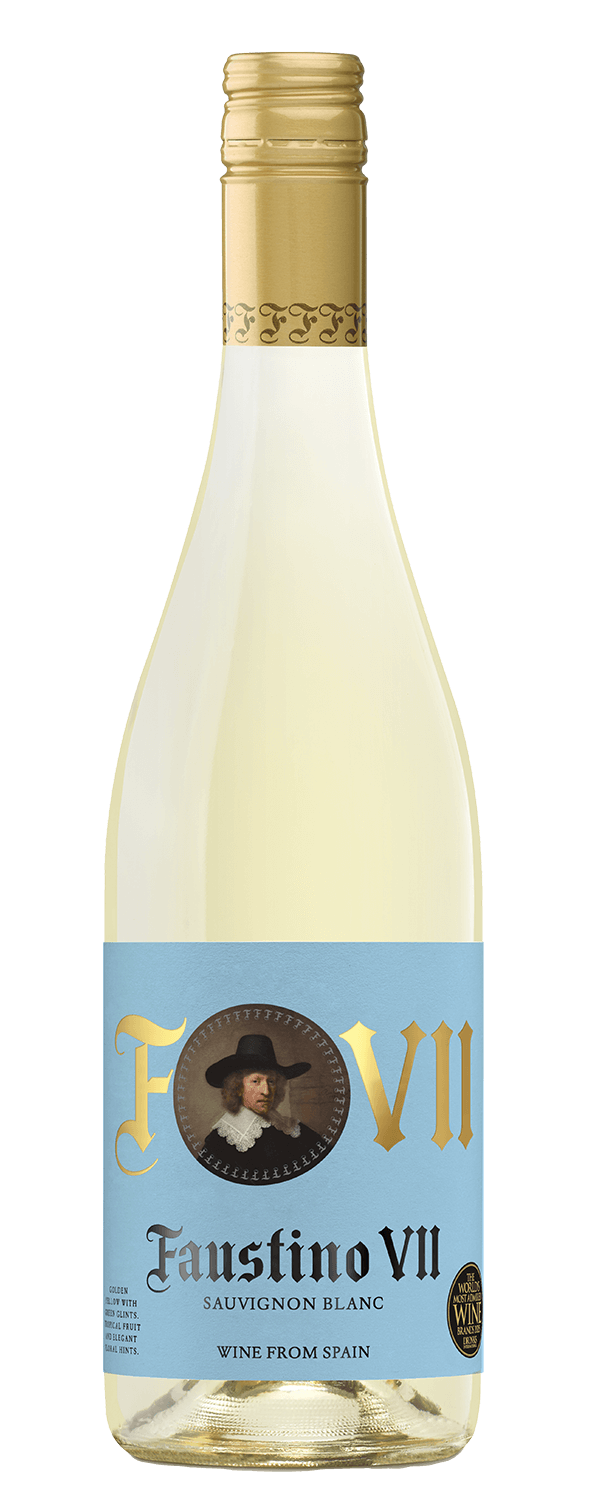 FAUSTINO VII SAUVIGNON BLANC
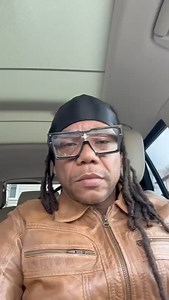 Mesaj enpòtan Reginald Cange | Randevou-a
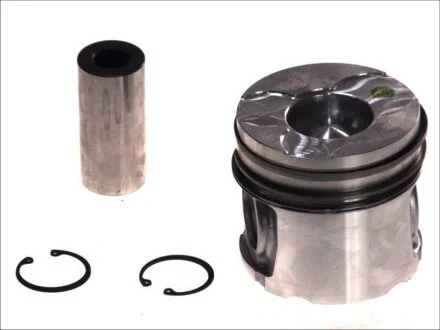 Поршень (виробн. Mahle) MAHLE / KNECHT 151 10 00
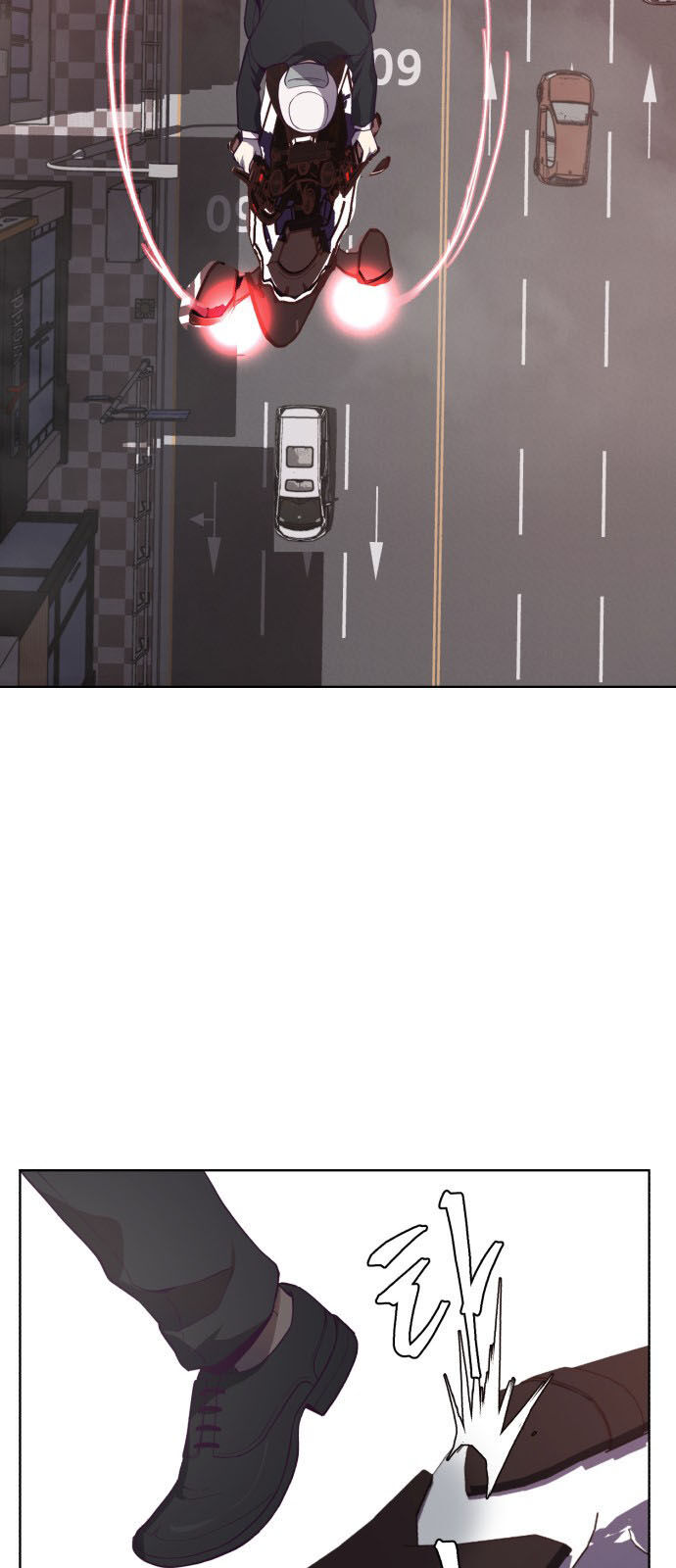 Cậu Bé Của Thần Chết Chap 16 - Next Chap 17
########
# Task directions:
Apart from the pictures, every line above must be printed exactly.

# Solution to the exercise:
 FAUSTINO VII SAUVIGNON BLANC
 Mesaj enpòtan Reginald Cange | Randevou-a
 Поршень (виробн. Mahle) MAHLE / KNECHT 151 10 00
 Cậu Bé Của Thần Chết Chap 16 - Next Chap 17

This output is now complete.